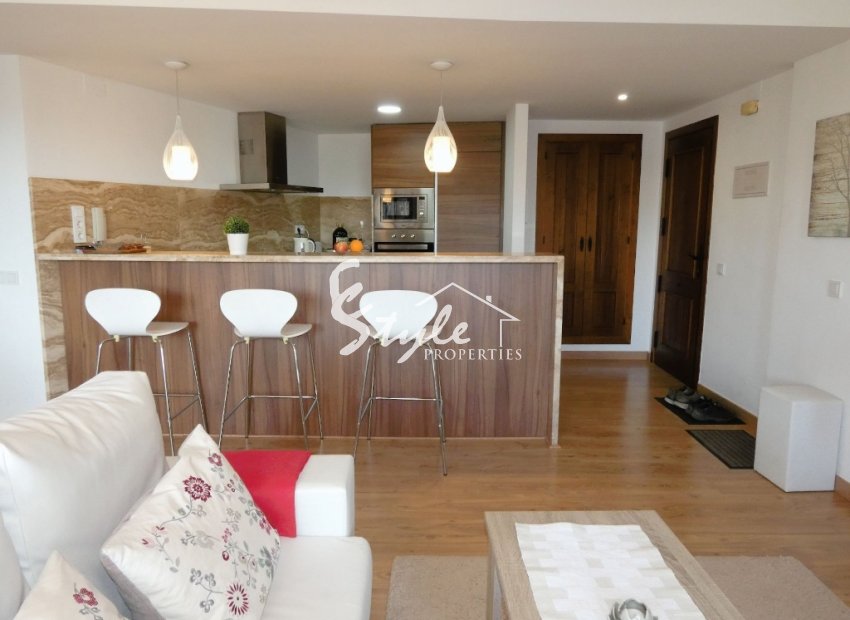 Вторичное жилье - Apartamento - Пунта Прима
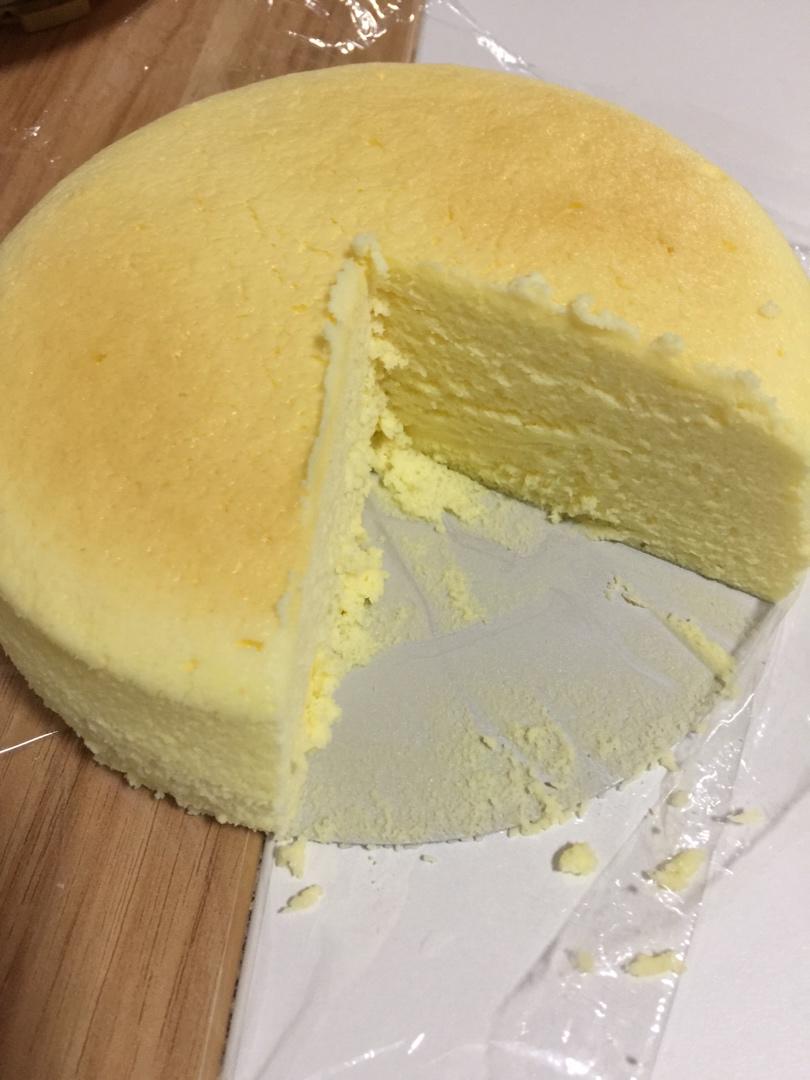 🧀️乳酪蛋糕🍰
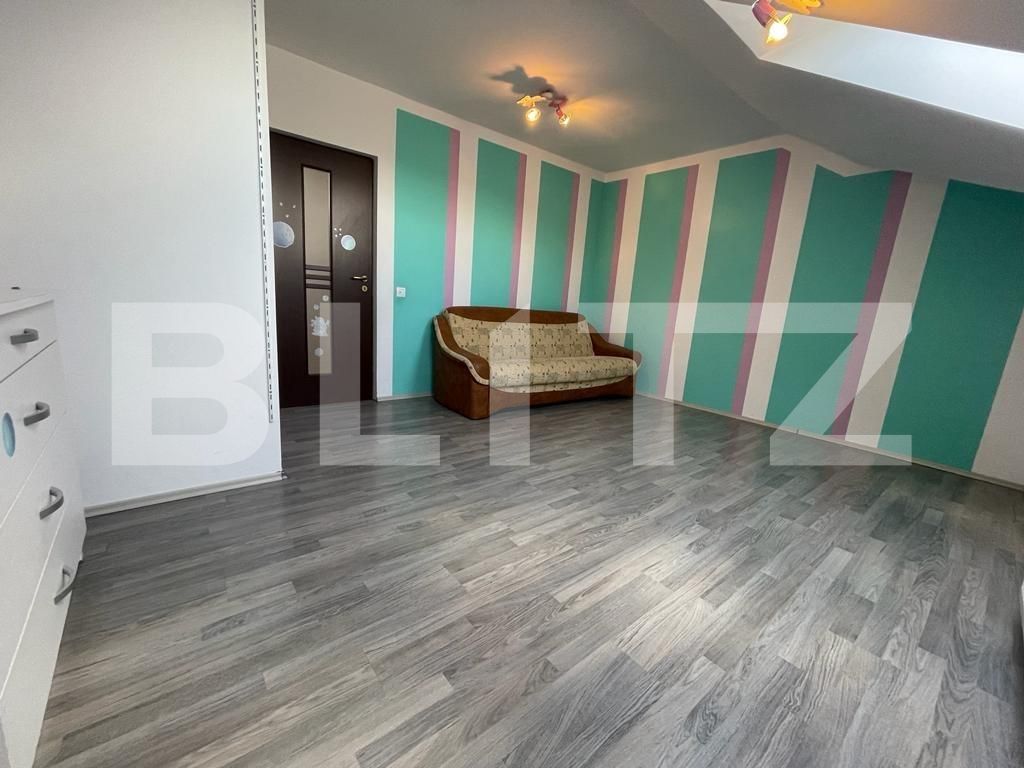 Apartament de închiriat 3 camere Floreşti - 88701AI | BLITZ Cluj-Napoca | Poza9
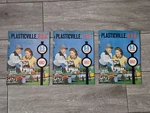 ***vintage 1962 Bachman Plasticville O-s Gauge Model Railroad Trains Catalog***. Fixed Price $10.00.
==
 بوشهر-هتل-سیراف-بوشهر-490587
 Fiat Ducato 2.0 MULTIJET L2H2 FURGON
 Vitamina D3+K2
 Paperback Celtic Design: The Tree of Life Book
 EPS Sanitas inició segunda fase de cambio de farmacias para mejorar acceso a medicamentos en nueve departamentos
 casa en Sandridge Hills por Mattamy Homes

TRY IT:
Range to copy from the listing above: the line with "Вторичное жилье - Apartamento - Пунта Прима" through the line with "Fixed Price $10.00.". Transcribe it exactly and skip the pictures.

ANSWER TO THIS EXERCISE:
 Вторичное жилье - Apartamento - Пунта Прима
 🧀️乳酪蛋糕🍰
 Apartament de închiriat 3 camere Floreşti - 88701AI | BLITZ Cluj-Napoca | Poza9
 ***vintage 1962 Bachman Plasticville O-s Gauge Model Railroad Trains Catalog***. Fixed Price $10.00.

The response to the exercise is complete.